Characterization of ectopic cartilage forming in Prg4-null TMJs

To characterize ectopic cartilage developing near the glenoid fossa and disc, chondrogenesis, chondrocyte maturation and osteogenesis were evaluated by chondrogenic and osteogenic markers. Sox9, Biglycan (a small leucine-rich repeat proteoglycan abundant in articular cartilage) (Embree et al., 2010) and Col-II displayed specific temporo-spatial expression patters in local chondrogenic and chondrocytic cells (Figs. 4A–4F), indicating that osteophyte-associated chondrocytes were undergoing a typical process of maturation and endochondral bone formation. Similar expression patterns were detected in ectopic cartilage of developing discs (Figs. 4B–4F).
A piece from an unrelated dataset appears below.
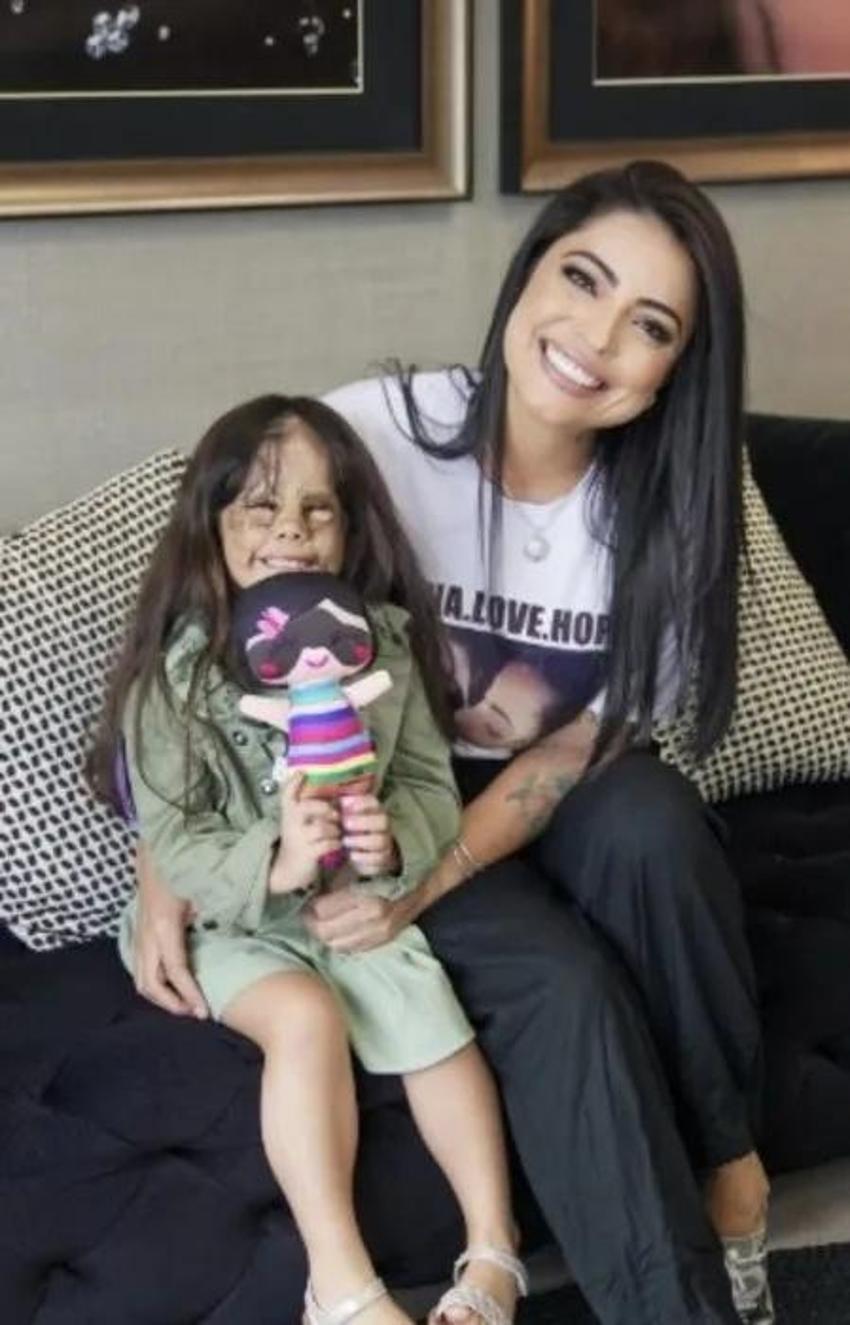 Yüzündeki leke yüzünden lanetli deniyordu! Küçük kızın şimdiki haline bir bakın!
Col-1, Bsp and Osx were expressed in osteophytes forming at the glenoid fossa (Figs. 5A, 5C–5F) and articular condyle (Figs. 5J–5L) and in ectopic cartilage at articular disc (Figs. 5G–5I), indicating that the chondrocytes exhibited a secondary chondrocyte phenotype (Beresford, 1981; Hall, 2005). Importantly, numerous TUNEL-positive cells were detectable in the basal side of osteophytes and chondroid bone (Fig. 5B), indicating that local cell death was part of these aberrant processes in mutants.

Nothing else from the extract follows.